KidZui began beta testing with children in 2006. KidZui was released to the general public on March 19, 2008 to generally favorable reviews. The original release of KidZui required a paid subscription. KidZui experienced some early criticism for not offering a free version of the product. The company released a free version on June 4, 2008. The free version of the product offers the same features as the original subscription-based product. KidZui introduced a membership program that same month. The membership program unlocks additional features in the kids’ browser and comes with more advanced reporting features for parents.

==ZuiTube==
ZuiTube was the online video destination that used KidZui's catalogue of kid-friendly video content. ZuiTube used a user interface designed for children. ZuiTube provided a "Play All" mode that allowed kids to watch all videos within a specific channel without interruption, as well as an "auto complete" search feature with smart-type that optimized results based on popularity, or "Kid Rank." ZuiTube also offered KidZui-user-generated video channels as an opportunity for kids to both enjoy and express themselves within KidZui's community of users.

ZuiTube.com launched in August 2009. The website launch was followed by the release of the ZuiTube App for iPhone and iPod Touch. As of July 2016, the domain name is no longer registered and the app has been pulled from the iOS app store.

==Business model==
The basic version of KidZui with access to all content was free. Revenue came exclusively from paid memberships. It is not clear what percentage of families used the free version versus paying for membership. KidZui included advertisements to children in their browser, mostly based on sponsored partnerships with Under Armour, Mattel, and Comcast.

==Content guidelines==
KidZui used filters to pre-screen content.

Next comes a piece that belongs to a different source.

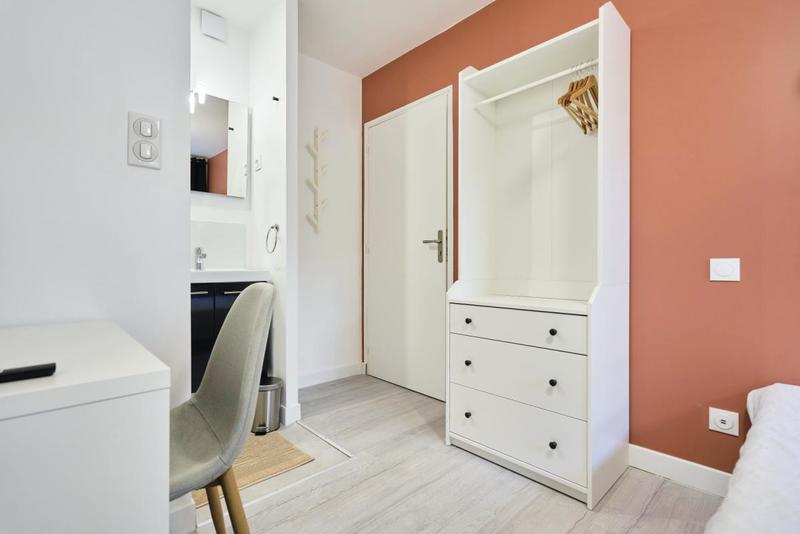 Appartement - 75 m² - 5 pièces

After screening by filters, the content was reviewed by paid teachers and parents using a set of content guidelines.

In 2007, KidZui hired Deanne Kells, a former vice president and Editor in Chief from LeapFrog, to establish the content guidelines and a process for reviewing and approving content. Kells used childhood developmental principles to form a content screening protocol where content is first determined to be appropriate for children, and then classified by age for developmental level and reading ability.

==Browser features==
KidZui used a Zooming User Interface paradigm where search results are displayed visually at a smaller scale. Children clicked on images to enlarge them. The visual interface made it easier for children to browse without advanced reading skills. KidZui also had category browsing that allowed children to explore the Internet using categories based on popularity or similarity. KidZui had an auto search complete feature that returns results after only typing one or two letters. KidZui offered to complete search terms using the most popular searches by other children and it showed search results as children type.